Here is Safe Haven. It’s a shelter geared specifically toward chronically homeless women with mental illnesses. Pathways has run an emergency shelter for years, but Safe Haven — a permanent shelter — is about six months old. Executive Director Connie Hill says with the creation of Safe Haven, the first shelter of its kind for women in the state, they’re able to help a population that had fallen through the cracks.

“We all knew there was a need; we’ve known that for years. How to address that need in a way that was really comprehensive and didn’t just repeat the cycle … you wanna do something other than house people for three or four months and then see them again a year from now.”

Safe Haven hopes to break that cycle by making few demands on its residents. At many other shelters there are hard and fast rules for women staying there — they have to be in by curfew, not sleeping in your bed often means losing it — those sorts of things. There are rules at Safe Haven, the women are expected to take their meds for example, but Emergency Services Director Jana Meeks says they play fast and loose.

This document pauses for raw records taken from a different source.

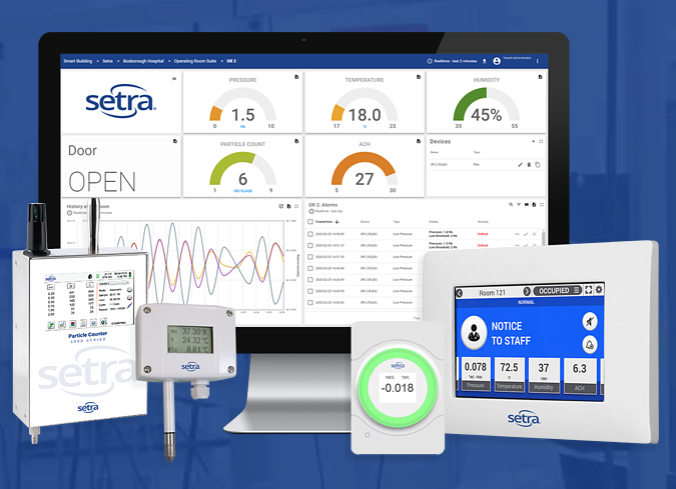 A Solution for Cleanroom Environmental Monitoring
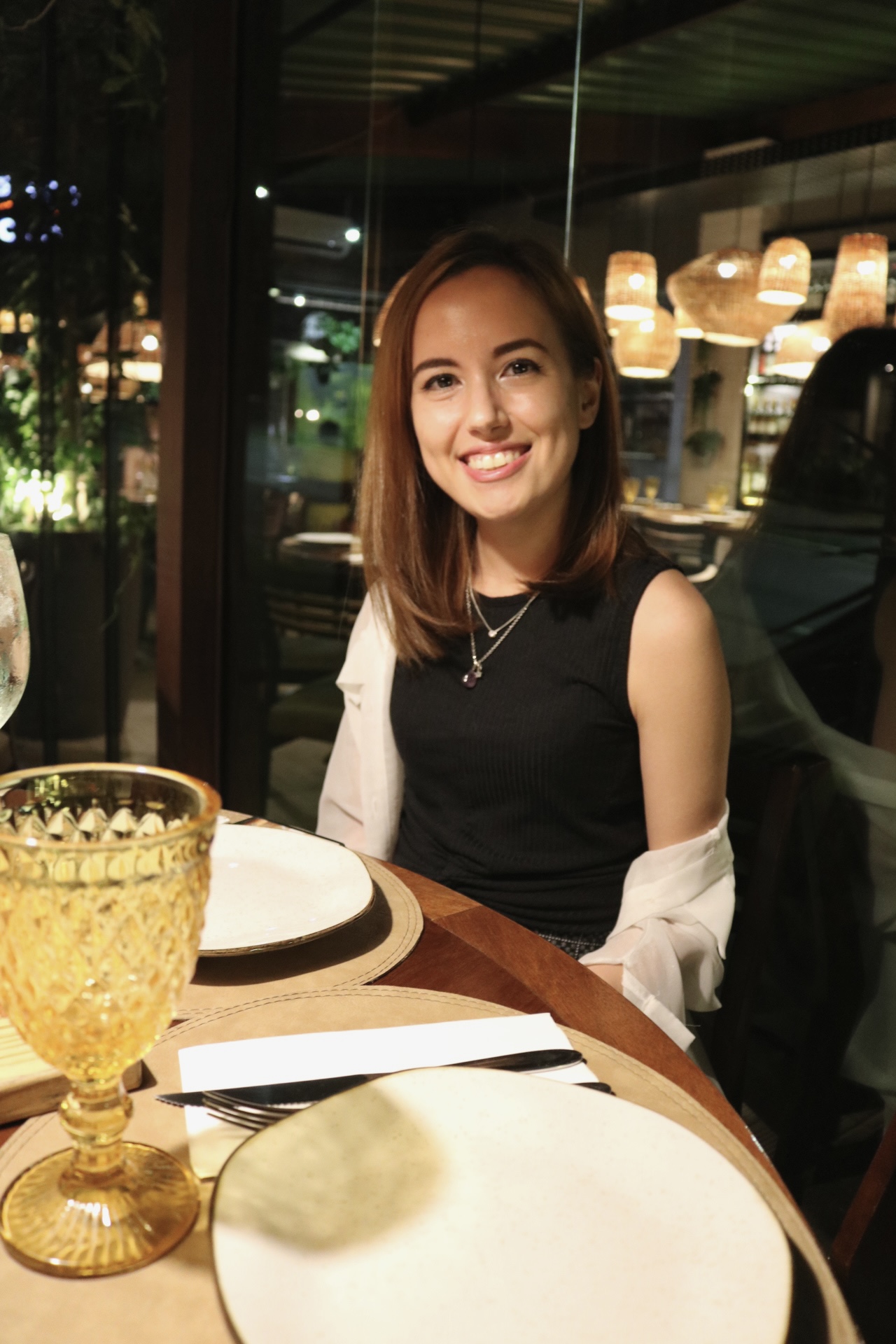 Foto da advogada e programadora Julia Bueno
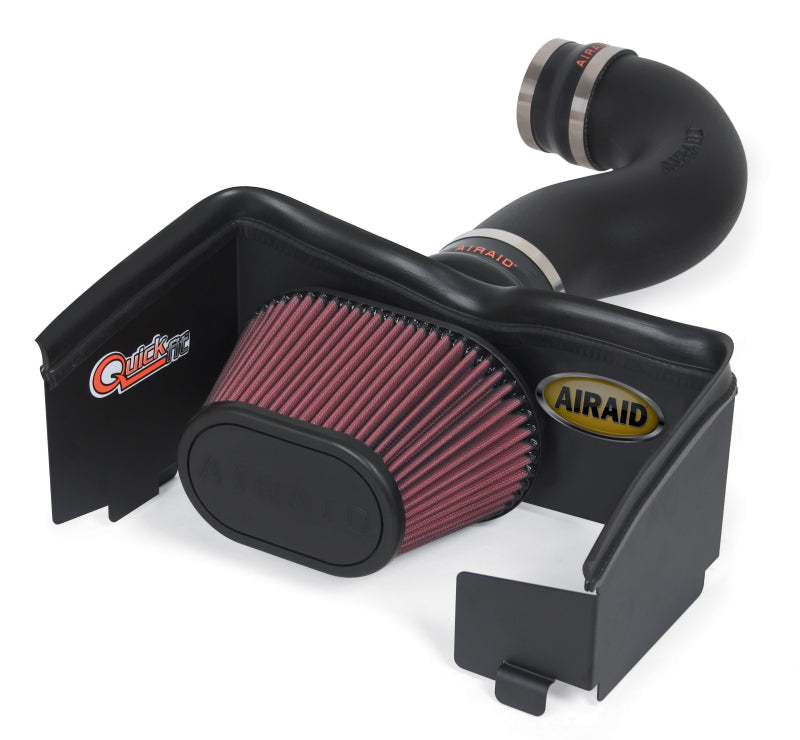 Airaid 05-06 Dodge Dakota / 06 Mitsubishi Raider 4.7L CAD Intake System w/ Tube (Oiled / Red Media)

“We try to say, if you do this, this and this then this will be your reward. You know we try to overlook, as much as we can, the negative behavior and reinforce the positive behavior. And I really think other folks need to look at that model because it is different from what people are doin’ and people do respond better; I know I would.”

The program is funded, in part, through the federal Department on Housing and Urban Development. Support from local entities, like the United Way and The Community Foundation of Greater Birmingham, also helped get the shelter up and running. UAB’s Stefan Kertesz says that mix of local and federal dollars is the only way the problem of chronic homelessness is ever going to be solved.

“The success stories from around the country usually involve bringing resources out of the community that are local.”

Kertesz studies homeless issues. He also co-chairs the policy committee for the Mayoral Commission on Ending Chronic Homelessness.

“That means that philanthropic communities in the state and the city find additional funds to support the services and match what investment is coming from the federal government. And unless the community can match the investment from the federal government very little is going to be accomplished.”

That partnership mentality is something the people running Safe Haven have taken to heart, not only in the grand scheme of things, but also on the small scale. How they work with the women at Safe Haven. Again Emergency Services Director Jana Meeks.

“It’s a 50-50 thing. It’s not just us saying ‘okay you can come in’, it’s them also saying ‘I would want, I would like to come in’ and empowering them and lettin’ them know this, from the very start, this is a partnership.”

This is the Safe Haven. Hey y’all wanted to show Rosemary the place. This is the living area … and this is a room. Chris, can we peek in? Is it peekable? Just want to show her a room so she can get an idea.

The rooms feel kind of like dorm rooms — they’re on the smaller side, each baring the stamp of the woman living there. On one bed sits a stuffed elephant a resident got after helping with Hurricane Katrina cleanup in New Orleans. But more important than their bedrooms or the living room they share is the sense of family these women, who’ve been on their own for so long, have created.

“It has really helped, you know, to know that you have a family here that you can talk to. Whatever you need, your needs are furnished and, uh, it’s just really good to have friends and to have family here.”

And research shows people with mental illnesses do much better in treatment and stay on their meds if they have family and friends surrounding them. The hope at Pathways is the relationships the women form at Safe Haven will be with them the rest of their lives.

Recovering addicts have trouble with federal housing standards

Researchers at UAB have been working for years on developing an addiction treatment model that would stick; one recent trial (dealing with homeless crack cocaine addicts) clearly showed that addicts given stable housing were more likely to stay clean than addicts who remained homeless.

Armed with the study’s outcomes Dr. Stefan Kertesz began to wonder what happened to these addicts once the trial was over. Did those who’d found housing keep it? How many of the recovering addicts had jobs? What he found was that most recovering addicts, many of whom also live with a mental illness, had a hard time staying housed.

Kertesz says part of the problem is that federal housing guidelines (many of the recovering addicts were in federal housing) are too strict when it comes to addiction, requiring former addicts to be clean 24/7 — kicking them out if they fail even one drug test. Another problem, he says, is a lack of funds.